**Work item**
Here the job is to transcribe the data exactly while omitting the images.

**Collected data**
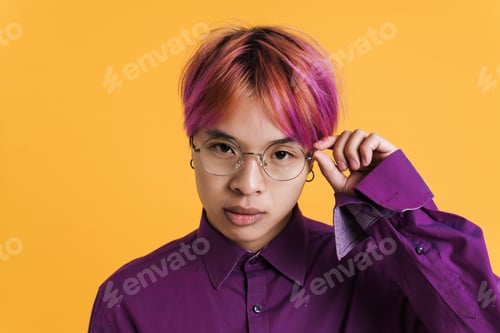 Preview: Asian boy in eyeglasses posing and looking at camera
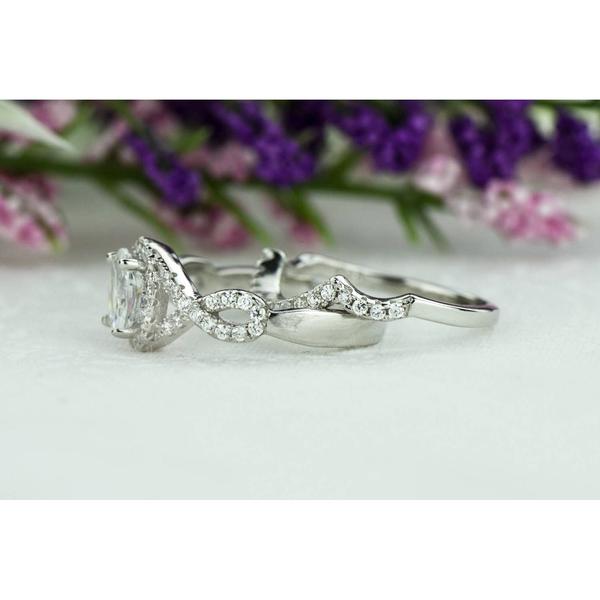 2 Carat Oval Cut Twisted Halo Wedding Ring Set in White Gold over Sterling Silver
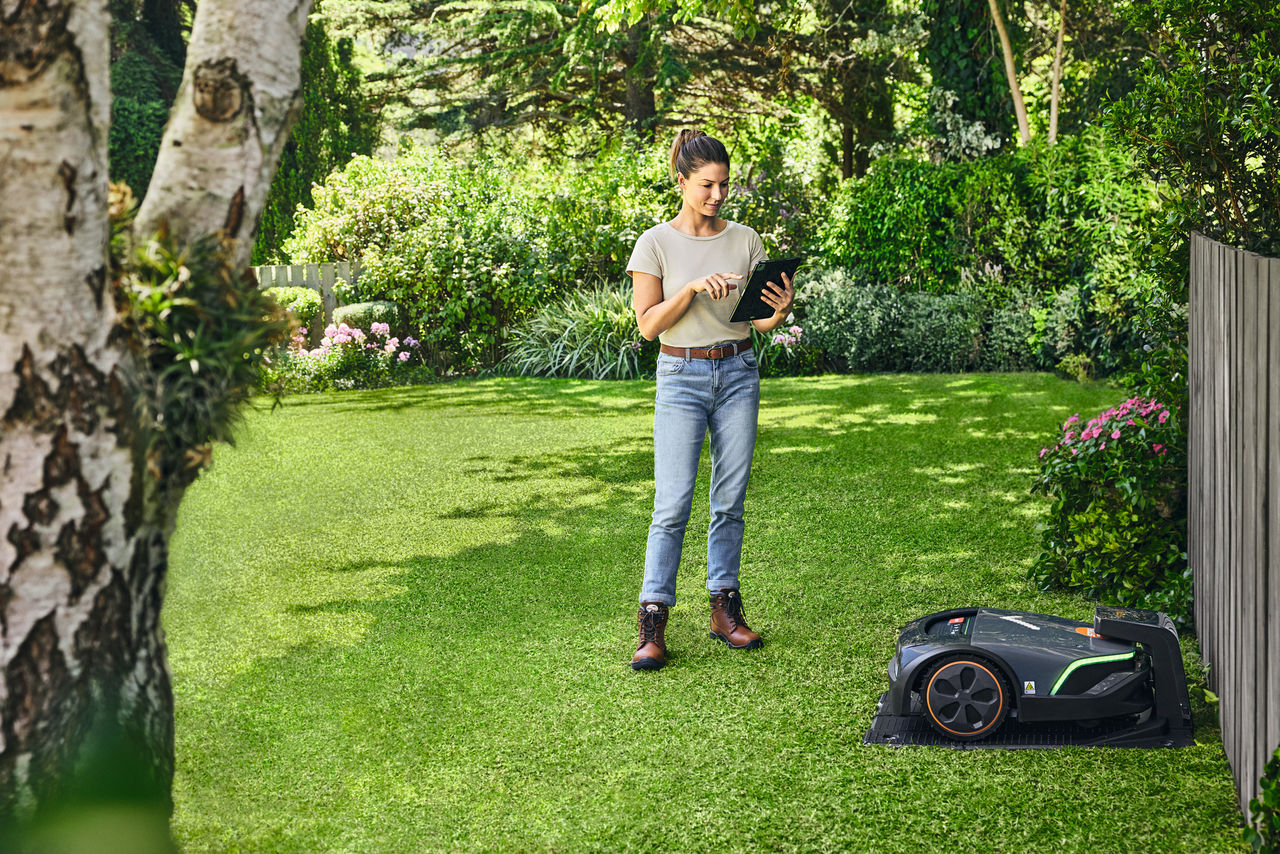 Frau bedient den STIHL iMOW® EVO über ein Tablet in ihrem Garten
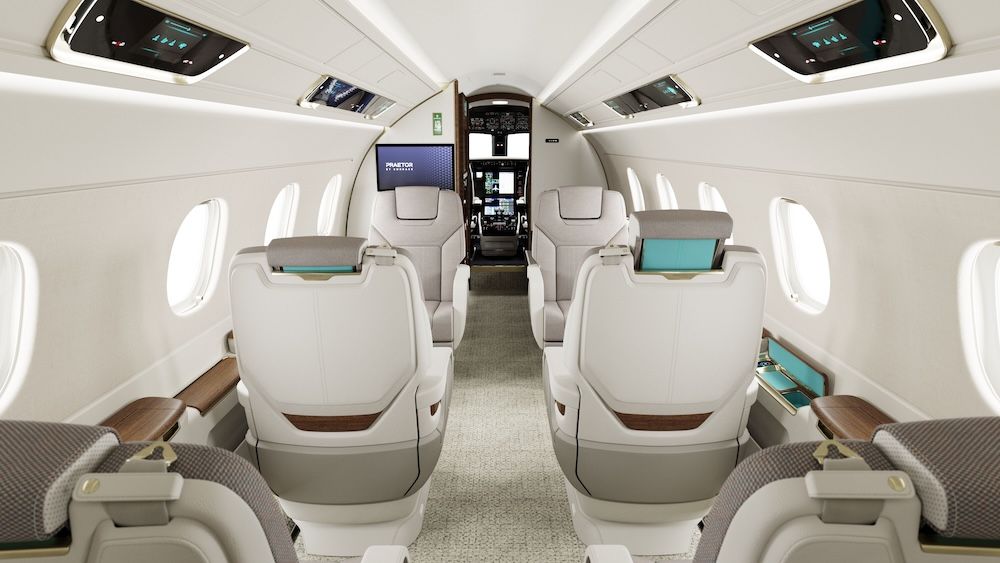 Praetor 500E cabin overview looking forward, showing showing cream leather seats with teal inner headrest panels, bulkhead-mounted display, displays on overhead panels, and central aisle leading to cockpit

**Task answer**
 Preview: Asian boy in eyeglasses posing and looking at camera
 2 Carat Oval Cut Twisted Halo Wedding Ring Set in White Gold over Sterling Silver
 Frau bedient den STIHL iMOW® EVO über ein Tablet in ihrem Garten
 Praetor 500E cabin overview looking forward, showing showing cream leather seats with teal inner headrest panels, bulkhead-mounted display, displays on overhead panels, and central aisle leading to cockpit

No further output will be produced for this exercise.